Al di là della grande differenza di contenuti, obiettivi, protagonisti dei vari eventi è comunque interessante porre qui in evidenza i motivi che ne muovono le intenzioni di fondo e ne suggeriscono ulteriori sviluppi e potenzialità. Vediamone i due principali:

1) Turismo rurale come turismo culturale: se per lo più l’immagine turistica delle alpi è stata storicamente veicolata da significati forti e pratiche ben definite (attività sportiva e contemplazione naturalistica) oggi s’assiste invece al progressivo imporsi d’un turismo rurale in grado di ricercare e apprezzare valori locali. Si tratta d’un turismo interessato alle tradizioni e alle diversità culturali, attratto dalle peculiarità regionali.
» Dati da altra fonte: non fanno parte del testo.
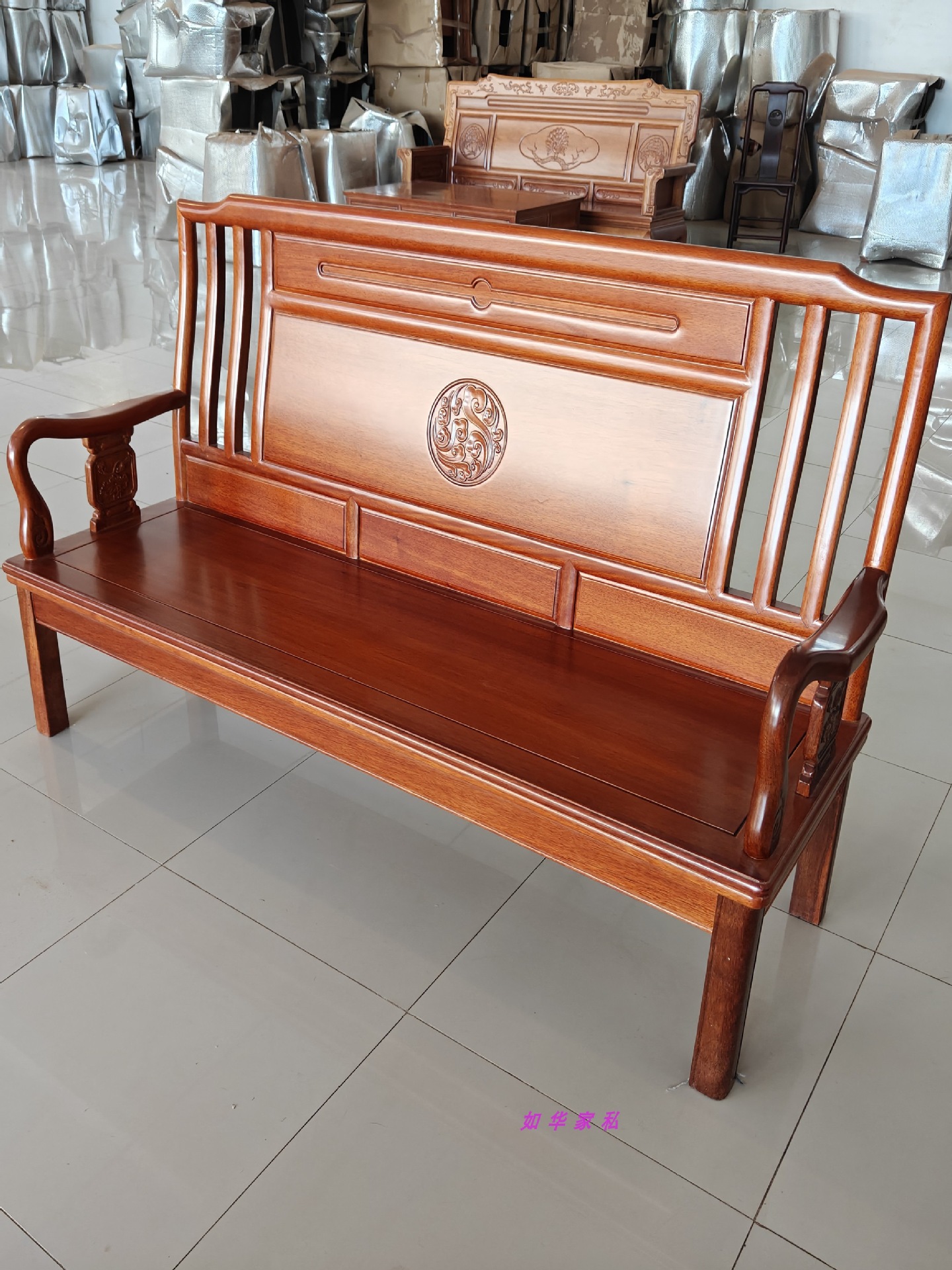 Sofa with Pineapple Grid Pattern, All Solid Wood, Three-Seater Long Chair, Ming-Style Retro Small Apartment, Three-Seater New Classical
2) Turismo rurale come turismo dell’autentico: la richiesta d’autenticità cresce in dissonanza rispetto al turismo di “massa” dove la qualità dell’esperienza è per lo più veloce, superficiale, standardizzata, replicabile, delocalizzabile. Al contrario, il turismo dell’autentico chiede una qualità dell’esperienza non futile, non evasiva, ma densa e permanente. Un’esperienza, cioè, capace d’integrare in sè acquisizione di contenuti, concretezza, immaginazione e nuove socialità.

Di fronte a queste tendenze mi sembra che la realtà dell’alpeggio possa ambire a diventare l’elemento cardine in grado di favorire un diverso sviluppo dei territori alpini, e specialmente di quelli meno compromessi dall’industria turistica di massa.

La condizione necessaria perché ciò possa avvenire è che l’alpeggio si promuova e si proponga come elemento attrattivo facilmente integrabile in un’offerta composita e coerente che comprenda cultura dell’ospitalità, benessere, ecologia, enogastronomia, attività fisica, cultura e didattica sperimentale.